Participants declared that shortages have surged and aggravated in recent years in the COVID-19 pandemic leading to increased prices for these expensive agents. A study on the impact of COVID-19 on global drug shortages emphasized a similar aspect [25]. Studies in the US also highlighted the increase in medicine shortages during the pandemic [26,27].
In Pakistan, the most prominent cause of anti-cancer drug shortages is the compromised role of the drug regulatory authorities. This has led to outdated policies for drug registration, import, license renewal, fixed drug price, and profit margin (dollar fluctuations). Hence, suppliers are hesitant to import these essential molecules. The compromised role also leads to issues in the hand of other stakeholders, for example, unfair distribution, stocking (selling short expiry drugs/increased prices), increased contracts than capacity, and purchasing from the gray market (compromised efficacy drugs) by distributors [28]. According to a study in Ghana, the compromised role of the drug regulatory authority is the main reason for the lack of access and shortages of necessary medicines in LMICs [29]. A recent study from Pakistan also highlighted regulatory issues as the prominent cause of shortage [17]. Some causes related to other stakeholders are the presence of a single supplier/drug, lack of resources, lack of communication among stakeholders, and small market size. However, these issues could also be solved by the regulatory authorities. Another study in Pakistan mentioned similar causes for drug shortages [16]. Many participants stated that communication among stakeholders within the same institution and among different institutions is very important for handling the anti-cancer drug shortages smoothly [4]. This cooperation leads to an improvement in operational transparency. A study in Saudi Arabia also agreed that a lack of communication aggravated drug shortages [30].

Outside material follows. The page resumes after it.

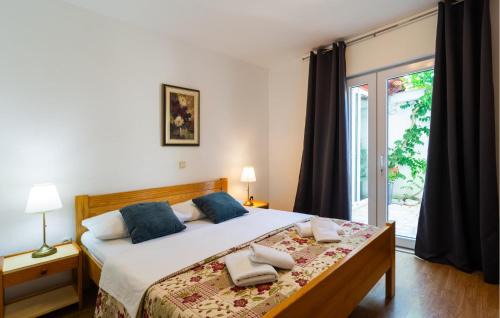 Bol Apartamento | Amazing Apartment In Bol With Wifi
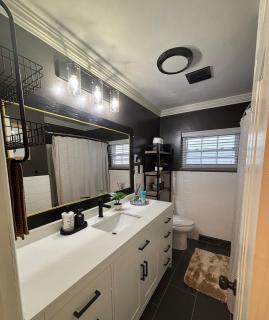 Cozy 3 Bedroom Home with Garage - 8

Another important cause is the inappropriate inventory management for raw material at the manufacturer’s hands and anti-cancer drugs at the wholesalers’/hospitals’ which led to shortages and the reason could be the mismanagement of the procurement department (absence of competent pharmacists) or just-in-time (JIT) inventory due to budget constraints (absence of support from governmental authority) [24]. A study conducted at the public hospitals of South Africa stated that continuous monitoring and computerized system played an important role in drug shortage management [31].

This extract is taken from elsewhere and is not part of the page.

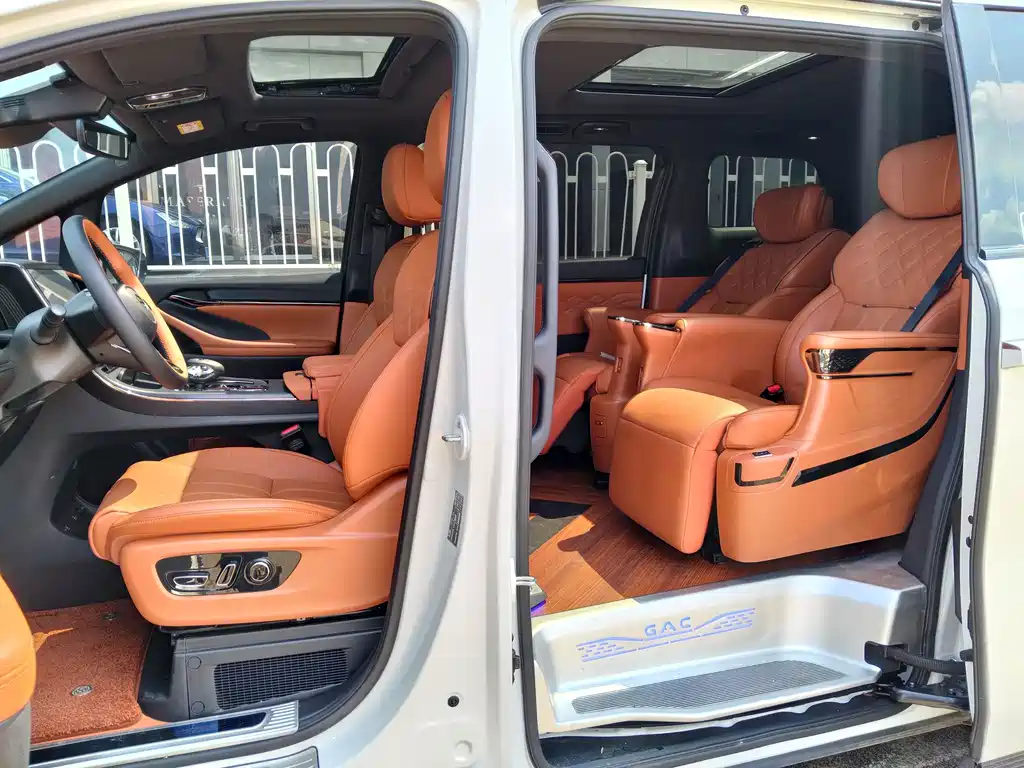 GAC Motor Trumpchi Xiangwang M8 — фото 13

The impacts of anti-cancer drugs shortage in Pakistan, a low-income country with the absence of a national cancer registry/drug shortage platform [17], increasing cancer cases and fewer registered drugs [17], are underestimated. Most participants highlighted suboptimal treatment and delayed treatment along with increased out-of-pocket costs. Similar results are found in studies from the US, Egypt [32] and Morocco [33]. The results are also consistent with another recent study carried out in Pakistan [32] and the one carried out in the US where 65.0% of the participants mentioned delayed treatment due to shortage [16,34]. A survey of the drug shortages’ impact on acute care institutions in the US also stated that shortages led to delayed treatment (adverse drug interactions) and some drug shortages impacts are expected to be not reported fully [35]. Studies throughout the globe agree that medicines shortages lead to out-of-pocket costs and if the condition is cancer, then this burden will be huge [36]. In government hospitals, medicines are available at affordable cost, and if these medicines are short, patients have to purchase expensive medicines or medicines from a gray market with compromised quality. Ultimately, patients/caregivers become hopeless and frustrated [36]. Some participants also reported the need for an established and competent role of the pharmacist to handle this situation. Similar results were seen in a survey in Pakistan [32].

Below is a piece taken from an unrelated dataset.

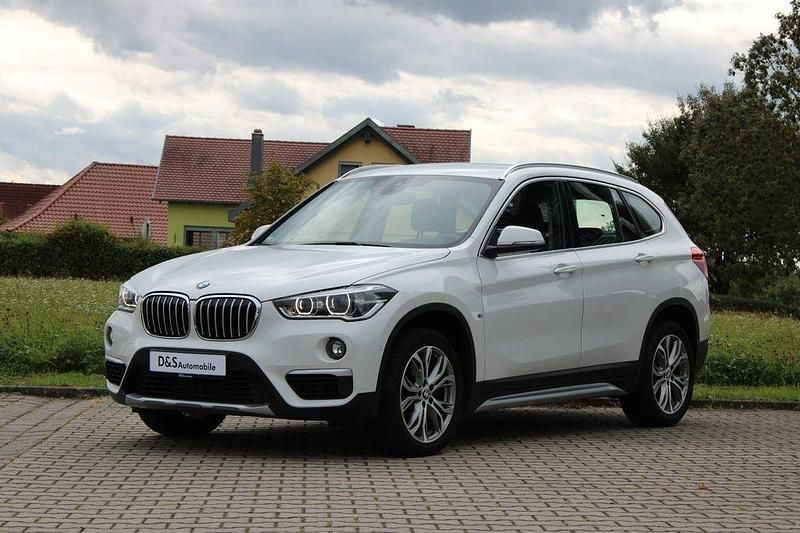 Alpinweiss iii Gebraucht 2019 BMW X1 xLine SUV | 24.420 € (Fairer Preis) - Bild 1/4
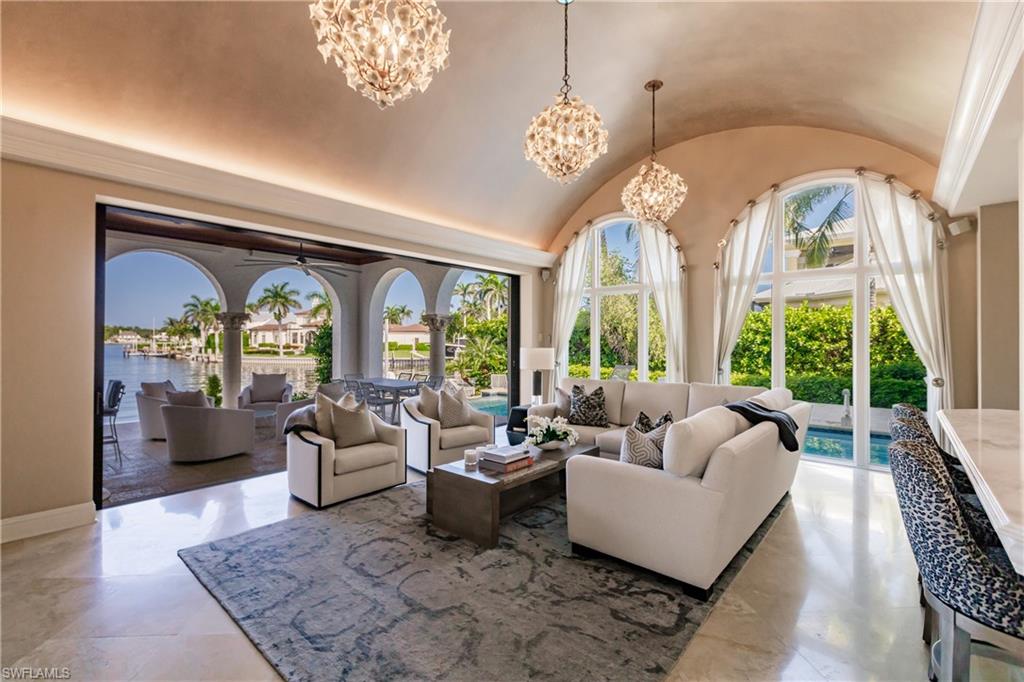 ROYAL HARBOR - Residential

From the adopted mitigation strategies for anti-cancer drug shortages, it seems that the professionals are handling the situation well. However, in reality, it is an extremely challenging, time-consuming, and severe situation since both proactive and counteractive strategies are affected by outdated regulatory policies. In the case of proactive activities, even after well anticipation, financial constraints limit the procurement capacity, and only a few private setups or well-established NGO-based hospitals could be able to procure up to their need and for procuring more brands, only a few generics/brands are approved. For counteractive strategies, managing within hospitals leads to a change of protocol (rescheduled expensive treatment with or without compromised outcomes) [28], delayed treatment, and switching to alternatives (expensive second or third-line agents with less efficacy increased chances of medication error), all three would impact the optimum health outcomes to some extent [27,33,37].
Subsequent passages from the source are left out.